Gravitational wave asteroseismology limits from low density nuclear matter and perturbative QCD

TL;DR

This paper constrains the fundamental mode frequencies and damping times of non-radial oscillations in neutron stars using combined low and high density equations of state, providing model-independent bounds relevant for gravitational wave asteroseismology.

Contribution

It introduces a method to connect low-density chiral EFT and high-density perturbative QCD EOSs through interpolating polytropes, deriving universal constraints on neutron star oscillation properties.

Findings

$f$-mode frequency and damping time are tightly constrained.

Empirical relations for $f$-mode properties are analyzed for robustness.

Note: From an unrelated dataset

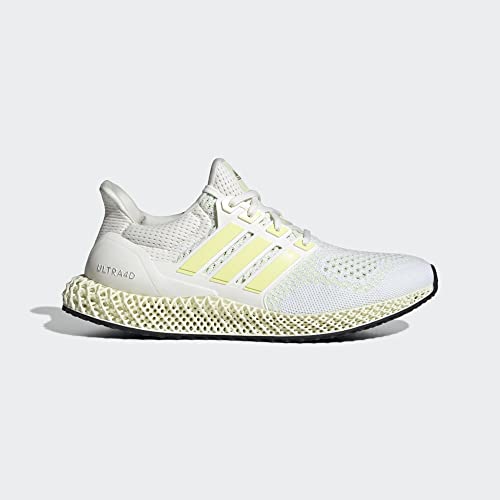 Core White Almost Lime Silver Metallic Ultra4D by adidas2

Constraints are largely model-independent within the considered EOS family.

Abstract

We investigate the fundamental mode of non-radial oscillations of non-rotating compact stars in general relativity using a set of equations of state (EOS) connecting state-of-the-art calculations at low and high densities. Specifically, a low density model based on the chiral effective field theory (EFT) and high density results based on perturbative Quantum Chromodynamics (QCD) are matched through different interpolating polytropes fulfilling thermodynamic stability and subluminality of the speed of sound, together with the additional requirement that the equations of state support a two solar mass star. We employ three representative models (EOS I, II and III) presented in Ref. [1] such that EOS I gives the minimum stellar radius, EOS II the maximum stellar mass, and EOS III the maximum stellar radius. Using this family of equations of state, we find that the frequency and the damping time of the $f$-mode are constrained within narrow quite model-independent windows. We also analyze some proposed empirical relations that describe the $f$-mode properties in terms of the average density and the compactness of the neutron star. We discuss the stringency of these constrains and the possible role of physical effects that cannot be encoded in a mere interpolation between low and high density EOSs.